##### DATA SHOWN #####

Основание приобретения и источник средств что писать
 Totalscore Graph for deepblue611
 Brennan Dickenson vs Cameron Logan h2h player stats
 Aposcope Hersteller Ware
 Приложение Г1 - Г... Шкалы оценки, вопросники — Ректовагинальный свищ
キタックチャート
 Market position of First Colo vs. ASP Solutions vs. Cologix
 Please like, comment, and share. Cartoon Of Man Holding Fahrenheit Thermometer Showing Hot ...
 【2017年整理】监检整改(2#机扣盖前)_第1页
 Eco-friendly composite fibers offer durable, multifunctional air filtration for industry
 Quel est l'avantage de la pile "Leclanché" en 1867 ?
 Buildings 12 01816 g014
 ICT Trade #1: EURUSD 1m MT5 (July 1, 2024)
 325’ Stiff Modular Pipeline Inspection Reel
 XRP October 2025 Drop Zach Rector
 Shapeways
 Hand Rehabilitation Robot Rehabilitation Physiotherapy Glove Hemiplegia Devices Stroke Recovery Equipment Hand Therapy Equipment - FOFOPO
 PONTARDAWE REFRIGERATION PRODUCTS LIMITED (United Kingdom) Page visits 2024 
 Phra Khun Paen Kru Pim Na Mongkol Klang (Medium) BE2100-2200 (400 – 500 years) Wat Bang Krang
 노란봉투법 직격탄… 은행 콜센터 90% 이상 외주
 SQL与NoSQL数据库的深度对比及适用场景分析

#####

### EXERCISE
All lines from the one containing "Hand Rehabilitation Robot" through the end of the data, and no others, are to be given again word for word.

### WRITTEN REPLY
 Hand Rehabilitation Robot Rehabilitation Physiotherapy Glove Hemiplegia Devices Stroke Recovery Equipment Hand Therapy Equipment - FOFOPO
 PONTARDAWE REFRIGERATION PRODUCTS LIMITED (United Kingdom) Page visits 2024 
 Phra Khun Paen Kru Pim Na Mongkol Klang (Medium) BE2100-2200 (400 – 500 years) Wat Bang Krang
 노란봉투법 직격탄… 은행 콜센터 90% 이상 외주
 SQL与NoSQL数据库的深度对比及适用场景分析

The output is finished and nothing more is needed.